Activists view caucus as providing cover for Republicans who oppose climate action.

The vast majority of the Republican members of the Climate Solutions Caucus joined House Speaker Paul Ryan (R-WI) to pass a major overhaul of the nation's tax code on December 20, 2017, that benefits the wealthy and retains tax subsidies for oil and gas companies. CREDIT: AP Photo/J. Scott Applewhite
The vast majority of the Republican members of the Climate Solutions Caucus joined House Speaker Paul Ryan (R-WI) to pass a major overhaul of the nation's tax code on December 20, 2017, that benefits the wealthy and retains tax subsidies for oil and gas companies.

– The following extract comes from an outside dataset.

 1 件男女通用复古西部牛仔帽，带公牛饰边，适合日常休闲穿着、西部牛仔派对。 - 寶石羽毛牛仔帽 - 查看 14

CREDIT: AP Photo/J. Scott Applewhite

Environmental groups and clean energy activists are taking names and planning action against the Republicans who voted for a massive overhaul of the nation’s tax code that includes provisions to open the Arctic National Wildlife Refuge (ANWR) to oil and gas drilling and continues massive subsidies for fossil fuel production.

Members of the House Climate Solutions Caucus — a group formed in early 2016 to bring Republicans and Democrats together to advance meaningful climate change legislation — who voted for the tax bill are expected to attract the ire of groups that have been fighting for decades to protect ANWR and taking steps to prevent the onset of catastrophic climate change.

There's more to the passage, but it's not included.